Tag Archives: Excel

Powering Up HDInsight with Power BI

On Tuesday, September 15, I presented on this topic for Pragmatic Works. You can find that session here. This session is based on five blog posts that I created in August 2015.

HDInsight Series Featured Pic

Setting Up and HDInsight Cluster (No Scripts Required)

Exploring the Microsoft Azure HDInsight Query Console (No Scripting Required)

Uploading Files to an HDInsight Cluster (No Scripting Required)

Using Power BI with HDInsight Part 1: Power Query and Files

Using Power BI with HDInsight Part 2: Power BI Desktop and Hive

My goals for this series

1. Document using Power BI with HDInsight

2. Prove that you can set up a HDInsight Cluster with no scripts

Other References from the Session

Azure: http://azure.microsoft.com/en-us/

Cloud Berry: http://www.cloudberrylab.com/free-microsoft-azure-explorer.aspx

Wrap Up from the Session

A few questions were asked during the session and I wanted to handle some of them here.

Why did you not use Azure Resource Manager to deploy storage?

I did this as simple as possible and did not need to use the Resource Manager for my demos. However, if you need to rebuild the cluster quickly, the Azure Resource Manager would be a good option. Find out more here: https://azure.microsoft.com/en-us/documentation/articles/hdinsight-provision-clusters/. This site will also walk through scripts and other options for setting up HDInsight clusters.

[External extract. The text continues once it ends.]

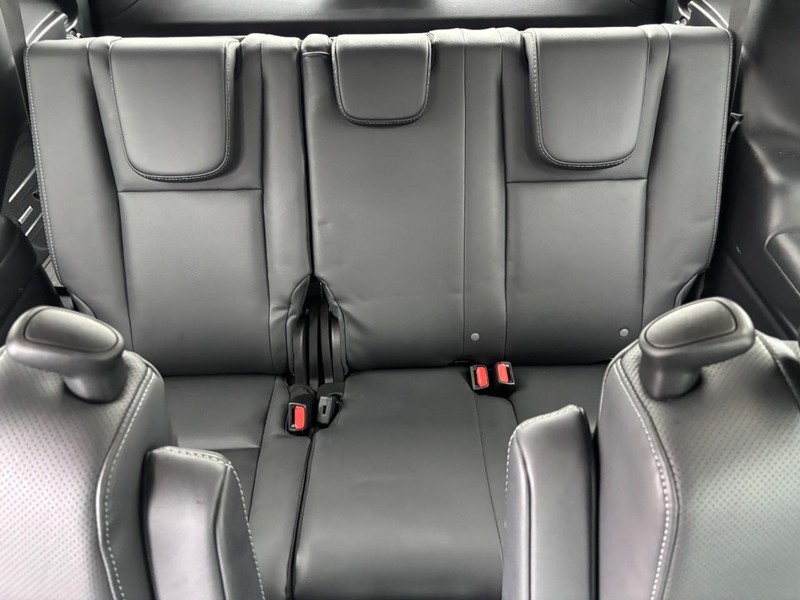 Subaru Ascent Vehicle Full-screen Gallery Image 11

Why didn’t the table structure show up in the Power Query demo?

The Power Query demo worked with the data from a file approach. This approach is more “raw”. The files did not have column headers, so no headers were created in the table. However, when working with the Power BI Desktop demo, I used Hive. The table was defined in Hive and were easily seen. This is another case for using Hive or something similar to define the schema for ease of use.

What are the differences between Hadoop, Hortonworks, and HDInsight?

Starting from the top, Hadoop is the Adobe open source specification. All of the products listed above are based on Hadoop. Hadoop

Hortonworks and Cloudera are examples of Hadoop distributions. These companies have worked with the various versions of open source technologies around Hadoop and created a supported distribution as a result.


Finally, HDInsight is Microsoft’s cloud-based Hadoop implementation. They continue to add functionality including Spark, R, Giraph, and Solr. You can expect Microsoft to continue to grow the capabilities of HDInsight as part of their cloud-based analytics solutions.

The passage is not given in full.